DIRECTIONS FOR THIS TASK
Copy out the data in full and exactly, passing over the pictures.

COLLECTED DATA
————————
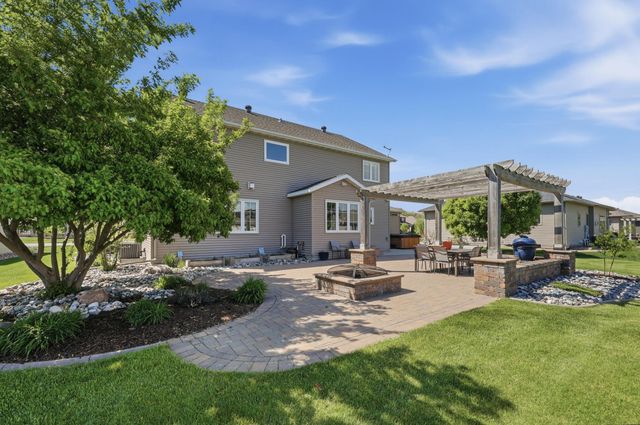 4208 66 Street S, Fargo, ND 58104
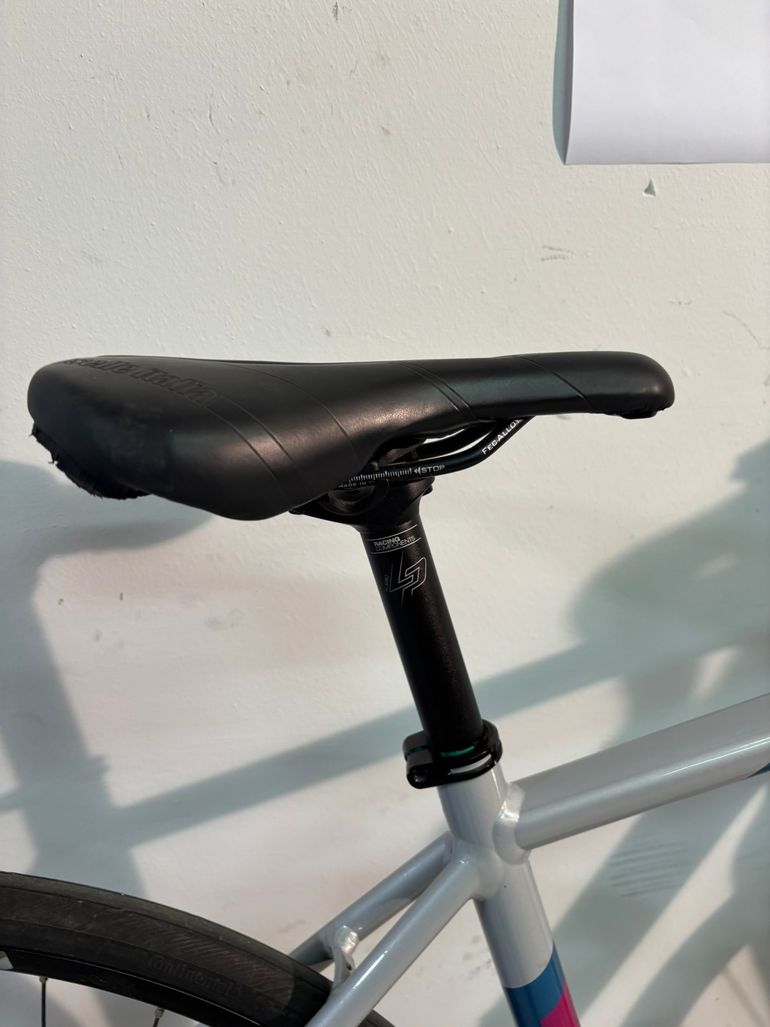 Used Lapierre e-Sensium 3.2 2022 2022 Road & Gravel — image 9 of 12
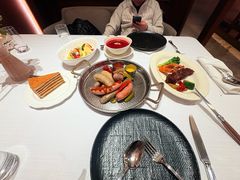 -马克西姆俄罗斯餐厅(通亚街店)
————————
REPLY TO THE EXERCISE
 4208 66 Street S, Fargo, ND 58104
 Used Lapierre e-Sensium 3.2 2022 2022 Road & Gravel — image 9 of 12
 -马克西姆俄罗斯餐厅(通亚街店)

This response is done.